As a reference, I myself also host a node on a redundant RAIDZ1 array of 4 drives, and to accelerate sync writes I’m using 16GB Optane as SLOG. My node is relatively young, about (edit) ~~1TB~~ 2TB of data stored so far, but the disk usage is under 5% at all times, and apparently SLOG is helping, by taking over some of the synchronous writes (which I assume are Db writes). There is also ARC in ram of about 24GB in size, with 99% hit ratio, for what I assume is metadata lookups.

Pentium100 · November 21, 2022, 10:18pm

There is a whole debate on whether you should run a node on a single disk or an array with redundancy. I am not planning on restarting it now, just wanted to say that this is not as clear-cut as it looks. Both options have their pros and cons.

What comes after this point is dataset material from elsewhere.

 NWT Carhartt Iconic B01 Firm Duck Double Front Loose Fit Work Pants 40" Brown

arrogantrabbit · November 21, 2022, 10:33pm

Yes, I’ve read that discussion. It is focused on SNO profit, and not technical limitations.

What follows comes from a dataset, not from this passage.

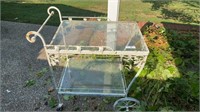 Glass Top Metal Tea Cart 19” x 31” 33”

From the network perspective, redundancy within a node is not required, is managed on the network level, and suggested against by storj; single disk per node is the recommended configuration; but if you have redundancy — no harm there, except maybe lower performance.

If you focus on extracting max profit/minimum loss from running a node — then yes, it’s debatable.

Personally, I share extra space on my array, if it fills up, I’ll just buy a cheapest HDD I could find and add another node. But I’m not doing it for profit.

humbfig · November 21, 2022, 10:34pm

I could do that. Access time is a volume thing, it’s already disabled. The only thing I can gain is the checksumming (constant payload, not what wakes up everyday at midnight). What I really wanted was another volume.

I’m not thinking about Storj network providing redundancy. I know the network will survive without me. The question is, will I survive without me?
Wearing belt and suspenders, that’s the definition of redundancy. If the belt fails, you still have the suspenders.

How do you measure your disk usage? If it is “%util” from iostat, mine are at 40%.

PS-> Been reading about Optane memory. Sounds like Intel bullshit. It’s a nvme disk with cache algorithms built in. That wouldn’t be useful in a synology. The algorithms are outside.

arrogantrabbit · November 21, 2022, 10:41pm

It was a poor analogy. Sorry. Data is split to 80 pieces and any 29 are sufficient to recover it (I may be misremembering exact numbers). Your extra 1 vs 80 makes no difference.

Subvolume, but yes.

I don’t understand what you mean by this.
Your data should be stored on a redundant array with bit rot recovery support, but storj is fine if you store it on rotting media

It’s what TrueNAS reports. I’m not sure what they are using, but I’d guess it’s the derivative of a queue length

Alexey · November 22, 2022, 8:25am

RAID5 in Synology uses additional techniques (checksums and autohealing), so it could survive even a bitrot. This article is for pure RAID5 setups.